• Photography Harry Clark
  • Text Kinza Shenn
  • 17th September 2016

Fashion is officially teetering on the precipice of a 00s revival, and what a scary thought that can be. But through the lens of Faustine Steinmetz, it’s a much redeemed proposition. The designer, who has been showcasing through NEWGEN since SS15, affirmed her brand identity this season by continuing her essays through the medium of denim (aka the fabric of 00s society). 

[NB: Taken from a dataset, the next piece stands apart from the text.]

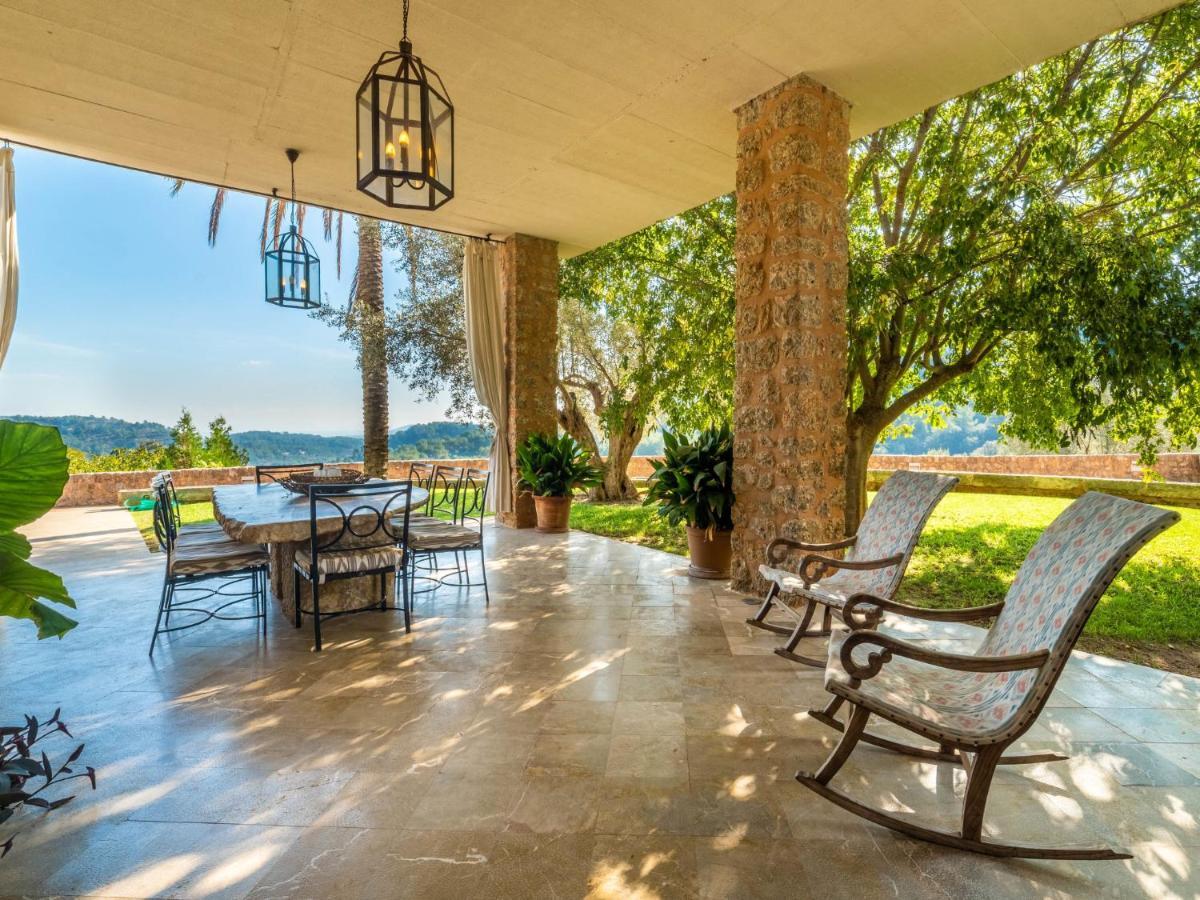 Villa Santa Llucia By Interhome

A vivarium was erected by Steinmetz’s frequent collaborator on set design, Thomas Petherick, inspired by the sensual portraiture of contemporary artist Vanessa Beecroft’s Sister Calendar (2000). Each girl was presented in tableau, languidly draped within a box of her own beside a museum caption to describe the laboured techniques at play in her outfit. Flooded in deep, oceanic blue lighting, this vivarium might have been Sea World. The clothes had these references, too. The slick curvature of the style lines, frothing ropes of threaded cotton, crinkled tulle, cascades of swarovski, shards of crystals growing from the surface of the clothes like rocks overgrown with ice. True to Steinmetz’s investment in hand-executed processes, these were constructed with recycled foam, sculpted, carved and doused in oil paints. But that which felt organic and pure was deliberately at play with notions of vulgarity and ostentation: the overshot Steinmetz monogram, the overt and glitzy displays of sexuality – and of course, washed blue denim upon blue denim upon blue denim à la Britney and JT.